Tuesday, August 28, 2007

The theory of relativity

This summer, when Holly and I were traisping around Europe, we visited the apartment in Bern, Switzerland, in which Albert Einstein conceived the theory of relativity. After reading over the panels of information hanging on the walls and even making shadow puppets on wall where a documentary of his life was being projected, I still don't understand the theory of relativity. I just put my trust in the knowledge that it has influenced our lives and that being in the room where it sprang into his imagination is something of an interesting experience.

Now that fall is setting in, I spend my days in a high school classroom extolling the wonders of literature to students, sometimes to receive only blank stares in return. One of those blank stares came back to me when, in a what-I-thought-was-explanatory moment, I said, "Well, everything is relative, right?"

For whatever reason, I didn't take that moment to explain myself, but something occurred to me. This understanding of general relativity that some of us enjoy isn't innate. Somewhere along the line, probably in a university humanities or philosophy course, someone pointed out to us that everything is dependent on everything else for its quiddity. ["Quiddity" is a word I recently learned. It means essence or thingness.]

To define a word, we need other words. To define ourselves, we look to the selves of others and differentiate for meaning. For instance, I am a daughter only relative to my parents. If someday I have children, I will be a mother relative to their being my offspring, but I will still be a daughter. It is the paradox we live in.

Like, right now, I am a student teacher. The term "student teacher" itself seems an oxymoron, but it is apt. I am teaching my students, but I am still learning from my own teachers. I pass seamlessly from one end of the spectrum to the other without notice. But I wonder, do we retain something in this liquid process, or are we just mutable, intangible somethings -- real only within our contexts?

Leave it to me to look to a tree for answers, but I think this example helps me know that I am more than my relative definition: When growing up, I liked to play under trees. I have yet to explain this kinship with them except that, through the years, I have drawn more analogies between human existence and the nature of trees than I can now name. However, in the years before I realized my very existence could be explained through dendrological metaphors, I played beneath the backyard hickory nut tree.
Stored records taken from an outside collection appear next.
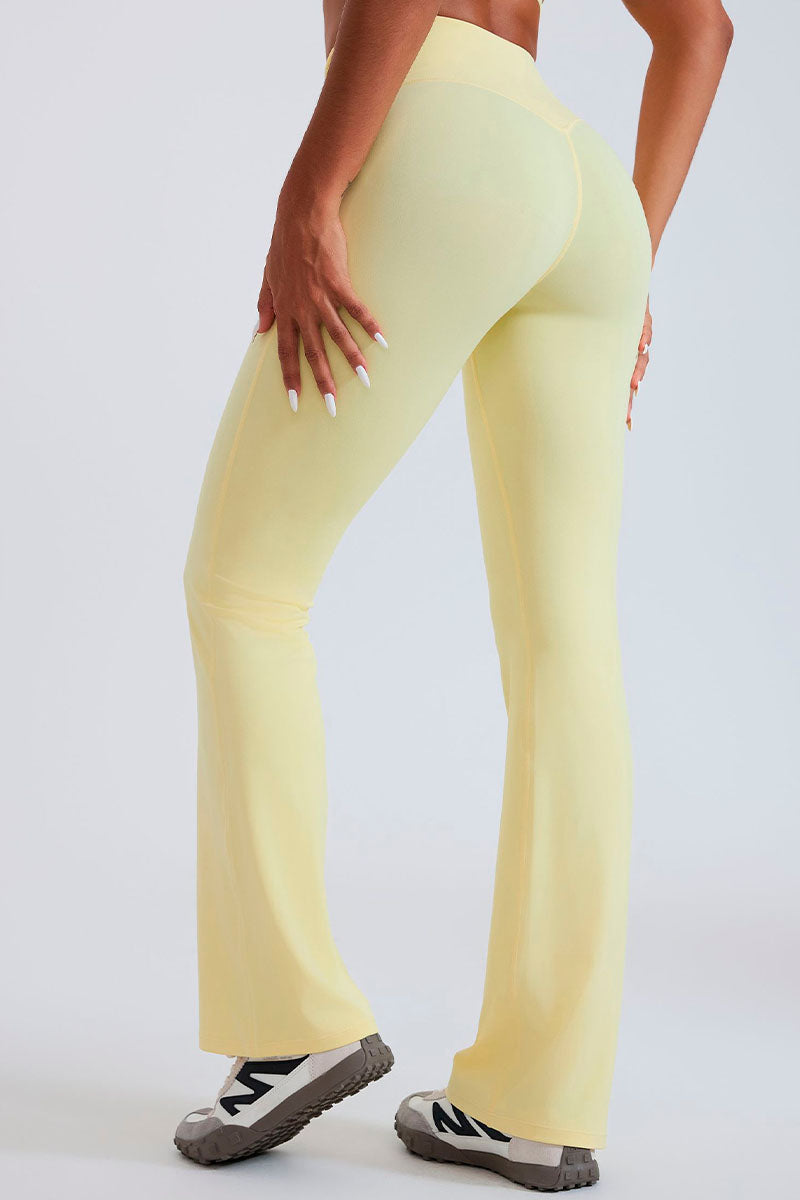Legging flare feminina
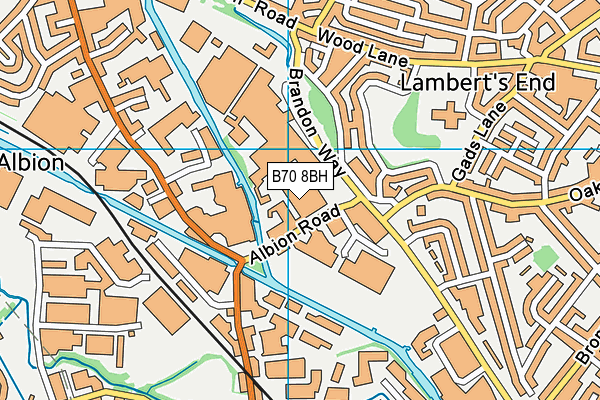 B70 8BH map - OS VectorMap District (Ordnance Survey) B70 8BH map - OS VectorMap District (Ordnance Survey)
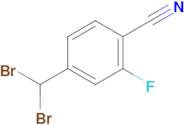 4-(DIBROMOMETHYL)-2-FLUOROBENZONITRILE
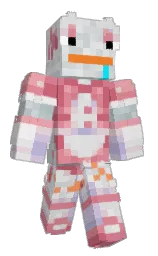 petite orchid and mercury Minecraft skin — Classic model — first worn by IAmMeeuw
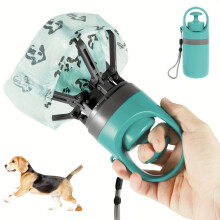 Tragbare Hundekotschaufel mit integriertem Kotbeutelspender – Leichtes, berührungsloses Krallendesign für kleine, mittlere und große Hun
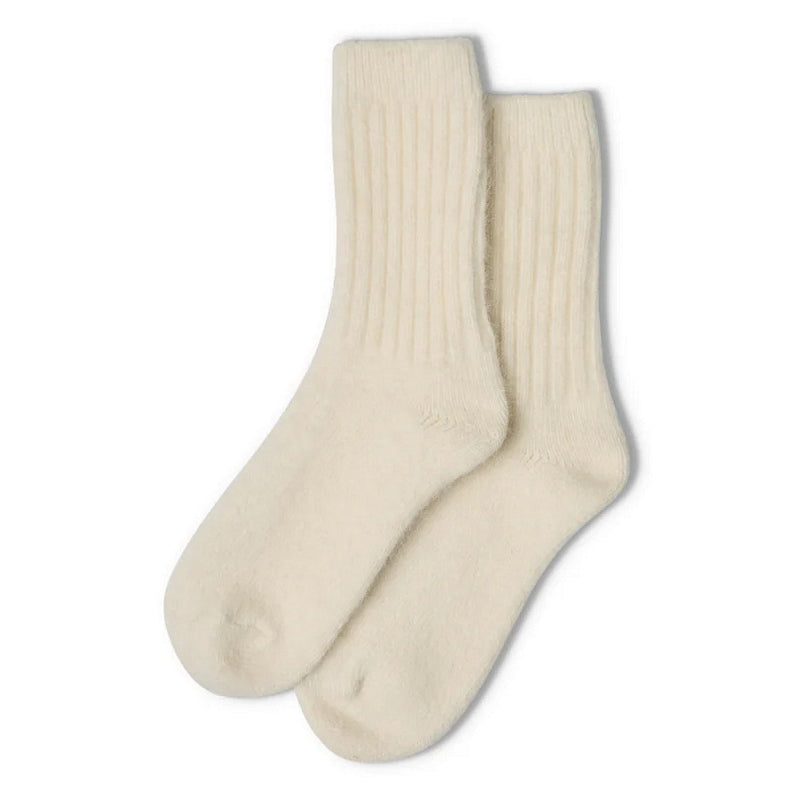 Chalk Clothing Soft Angora Socks Ivory main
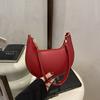 Womens Fashion Pebbled Leather Comfortable Armpit Tote Bag Versatile Underarm Shoulder Purse with Detachable Strap Daily Commute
I could bound out the backdoor of our trailer and run diagonally to the right, at some indeterminate angle, and land within a few seconds under my favorite tree. It was a rather uncomfortable play place, what with all the sharp, broken hickory nuts poking out of the ground, but I put them to good use and collected the bits as currency in my make-believe economy. (See, money really did grow on trees...) Eventually, however, I outgrew the tree, and its attraction and (monetary) value faded with my age. We moved away, too, so visiting the tree every afternoon wasn't feasible, even if we still owned the land on which it stood.

Now, around thirteen years later, my parents are building a house on the farm, which is where our trailer used to sit. Interestingly, though, the house has been built farther back on the property. The trailer, were it still around, would now be in the front yard of the new house. The hickory tree, though, still stands, and it is in the front yard. My beloved tree stands sentinel to the left of the front porch steps. (Left, that is, if you're coming down the steps. See, relativity.) So now the tree that I always viewed as "the backyard tree" is now a "front yard tree." Who knew how much orientation colored my understanding...

But this backyard/front yard tree, though my concept of it has changed, is not really different. Putting a house behind it didn't change it. Sure, it has grown another year's worth of leaves, bark, and hickory nuts, but beneath that is all the growth that happened during the years when it was behind the house and during the years when there was no house around it at all. No matter what situation we put the tree in, it is still the same.

Doesn't that mean something? Does it mean that no matter what situation I am in, no matter what definition I acquire due to my surroundings, I am still me? Maybe it is a simple understanding. And maybe I don't even understand the implications of it yet, but I like it.

I wonder if, someday, adventurous twentysomethings will make shadow puppets on these walls. I doubt it.